To solve for the matrix \(M\),

../_images/matrix_m.PNG

Fig. 5 Solving for the matrix \(M\)#

where the first matrix is of size \(2n \times 12\) (\(n\) is the number of available points.)

In the above homogeneous linear equation \(Ax=0\), we know the values of image coordinates and the real-world coordinates. We are required for find the elements of the matrix \(M\). The above equation has infinite solutions for \(Ax = 0\), since we can randomly scale \(x\) with a scalar \(\lambda\) such that \(A(\lambda x)= 0\). Therefore, we assume \(||x||=1\), solving the equation can be converted to:

\[ min||Ax|| \]

The minimization problem can be solved with Singular Value Decomposition (SVD). Assume that \(A\) can be decomposed to \(U\Sigma V^T\), we have

\[ min||Ax|| = ||U \Sigma V^Tx|| = ||\Sigma V^Tx|| \]

Since \(||V^Tx||=||x||=1\), then we have \(min||Ax|| = ||\Sigma y||\).

As \(||y||=1\), \(x\) should be the last row of \(V^T\).

Once we have the matrix \(M\),

(11)#\[\begin{split}M = \begin{bmatrix}m_{11} & m_{12} & m_{13} & m_{14} \\ m_{21} & m_{22} & m_{23} & m_{24} \\ m_{31} & m_{32} & m_{33} & m_{34}\end{bmatrix} = \begin{bmatrix} f_xr_{11}+o_xr_{31} & f_x r_{12}+o_xr_{32} & f_xr_{13}+o_xr_{33}&f_xT_x+o_xT_z \\ f_y r_{21}+o_yr_{31} & f_yr_{22}+ o_y r_{32} & f_yr_{23}+o_yr_{33} & f_yT_y+o_yT_z \\ r_{31} & r_{32} & r_{33} & T_z\end{bmatrix}\end{split}\]

Here, \(M\) is the projection matrix. Let’s define

\[\begin{split} \begin{align} m_1 &= (m_{11}, m_{12}, m_{13})^T \\ m_2 &= (m_{21}, m_{22}, m_{23})^T \\ m_3 &= (m_{31}, m_{32}, m_{33})^T \\ m_4 &= (m_{14}, m_{24}, m_{34})^T \end{align} \end{split}\]

Also we define,

\[\begin{split} \begin{align} r_1 &= (r_{11}, r_{12}, r_{13})^T \\ r_2 &= (r_{21}, r_{22}, r_{23})^T \\ r_3 &= (r_{31}, r_{32}, r_{33})^T \end{align} \end{split}\]

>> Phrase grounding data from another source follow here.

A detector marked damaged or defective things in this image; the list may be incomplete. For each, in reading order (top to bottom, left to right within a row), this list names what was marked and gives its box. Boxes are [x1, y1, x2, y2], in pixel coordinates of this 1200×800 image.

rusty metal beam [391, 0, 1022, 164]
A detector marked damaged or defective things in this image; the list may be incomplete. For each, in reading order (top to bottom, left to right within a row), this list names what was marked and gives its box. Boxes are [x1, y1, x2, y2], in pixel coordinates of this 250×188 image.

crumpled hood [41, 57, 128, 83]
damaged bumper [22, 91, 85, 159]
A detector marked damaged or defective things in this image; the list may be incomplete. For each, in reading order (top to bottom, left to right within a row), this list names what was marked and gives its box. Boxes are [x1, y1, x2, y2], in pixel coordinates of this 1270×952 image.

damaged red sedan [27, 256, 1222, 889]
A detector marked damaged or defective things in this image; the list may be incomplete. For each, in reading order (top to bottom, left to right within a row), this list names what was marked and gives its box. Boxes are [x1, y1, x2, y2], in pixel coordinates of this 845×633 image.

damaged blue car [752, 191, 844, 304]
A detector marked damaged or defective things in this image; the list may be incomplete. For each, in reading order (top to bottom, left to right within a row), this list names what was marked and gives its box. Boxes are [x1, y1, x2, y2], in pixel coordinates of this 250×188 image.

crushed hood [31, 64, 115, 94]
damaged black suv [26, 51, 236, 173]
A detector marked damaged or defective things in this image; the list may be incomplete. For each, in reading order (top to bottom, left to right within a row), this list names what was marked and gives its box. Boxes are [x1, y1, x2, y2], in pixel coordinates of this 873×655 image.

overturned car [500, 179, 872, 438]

Observe that \((r_1, r_2, r_3)\) is the rotation matrix, then

(12)#\[\begin{split}(r_1, r_2, r_3) \begin{pmatrix} r_1^T\\ r_2^T\\ r_3^T \end{pmatrix} = \begin{pmatrix} 1 & 0 & 0\\ 0 & 1 & 0\\ 0 & 0 & 1 \end{pmatrix}\end{split}\]

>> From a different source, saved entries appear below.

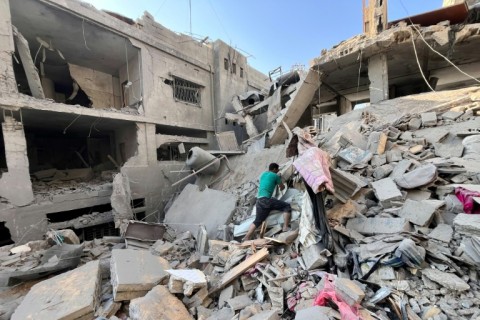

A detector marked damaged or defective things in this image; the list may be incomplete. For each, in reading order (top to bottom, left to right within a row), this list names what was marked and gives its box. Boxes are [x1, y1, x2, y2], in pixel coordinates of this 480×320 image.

damaged window frame [171, 75, 202, 107]
broken concrete slab [370, 176, 404, 209]
broken concrete slab [165, 184, 236, 239]
broken concrete slab [346, 218, 410, 235]
broken concrete slab [400, 199, 436, 226]
broken concrete slab [428, 222, 454, 242]
broken concrete slab [452, 212, 480, 238]
broken concrete slab [302, 242, 328, 270]
broken concrete slab [11, 260, 100, 320]
broken concrete slab [110, 249, 171, 302]
broken concrete slab [130, 284, 194, 320]
broken concrete slab [334, 278, 364, 308]
broken concrete slab [422, 268, 470, 292] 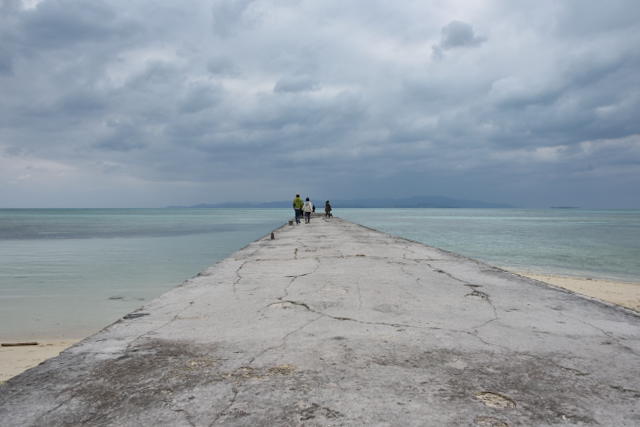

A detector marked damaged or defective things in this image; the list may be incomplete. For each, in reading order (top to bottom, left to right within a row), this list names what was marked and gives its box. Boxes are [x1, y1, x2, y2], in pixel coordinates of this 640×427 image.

cracked concrete surface [1, 219, 640, 426] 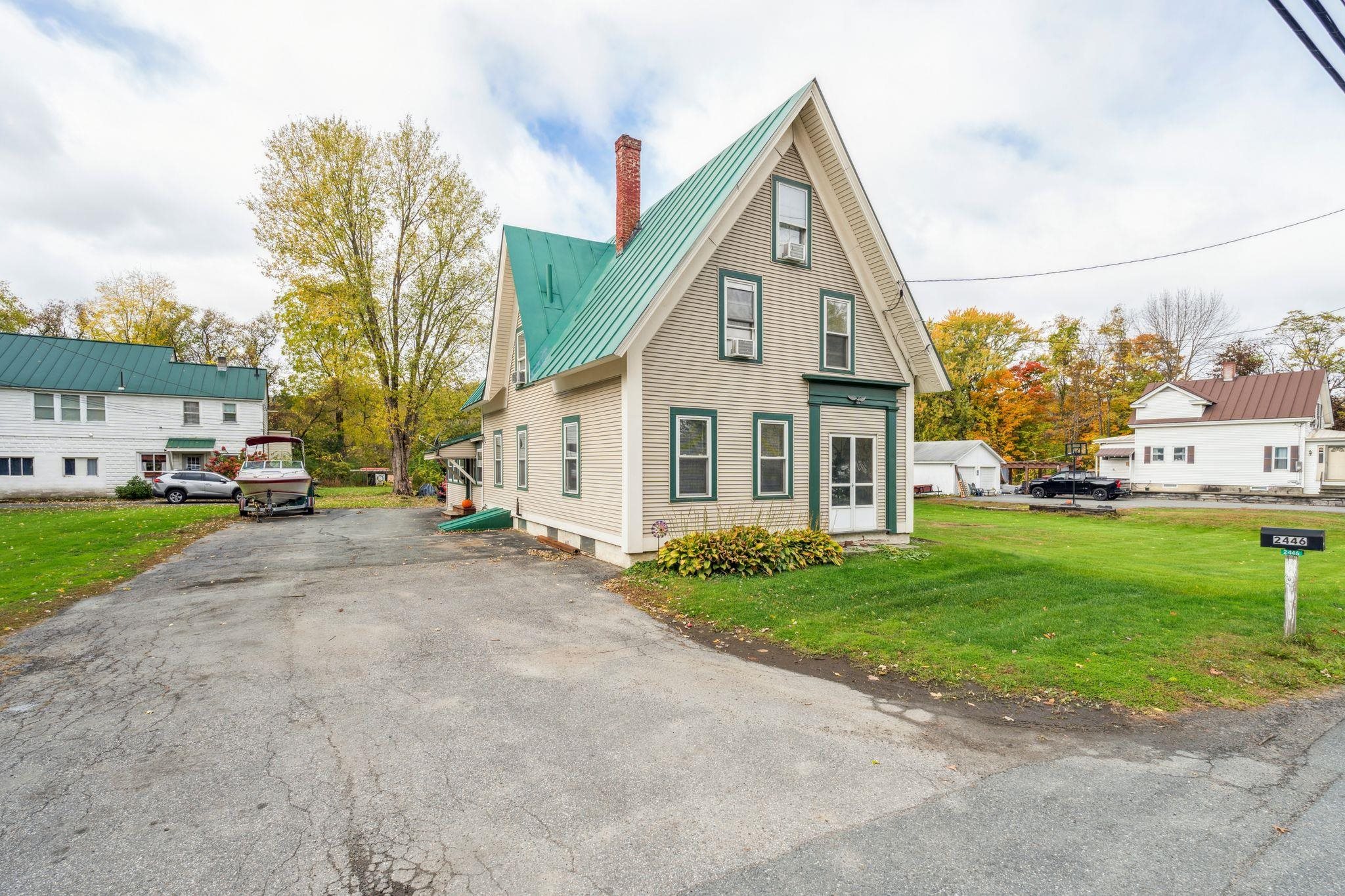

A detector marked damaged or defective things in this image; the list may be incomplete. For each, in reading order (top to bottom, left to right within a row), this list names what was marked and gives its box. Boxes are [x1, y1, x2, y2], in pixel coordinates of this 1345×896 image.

cracked pavement [3, 507, 1345, 891]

Then we have \(r_i^Tr_i = 1, r_i^Tr_j=0 \enspace (i \neq j)\).

From \(M\) we have,

\[ m_1^Tm_3 = o_x \]
\[m_1^Tm_1 = f_x^2+o_x^2\]
\[o_x = m_1^Tm_3, \enspace o_y = m_2^Tm_3\]
\[f_x = \sqrt{m_1^Tm_1 - o_x^2}, \enspace f_y = \sqrt{m_2^Tm_2 - o_y^2}\]

Summary#

This chapter discusses about the pinhole camera model. The intrinsic and extrinsic camera paramters. Given a 3D world coordinates of an object, a camera performs a 3D \(\rightarrow\) 2D mapping of the point onto an image plane. There are a total of 11 paramters for any camera to perform this perspective projection mapping.

This chapter also explains the mathematics used to find the intrinsic and extrinsic parameters of a camera using image coordinates and world coordinates. Given an image of an object, and \(n\) world coordinates and image coordinates, we discuss the mathematics to find the matrix \(M = M_{in}\cdot M_{ex}\) that would help us map any 3D point in real world to a 2D point on image plane.

The next chapter provides the code for the above mathematics. We use chessboard corners as objects and try to find the intrinsic and extrinsic parameters of a given camera.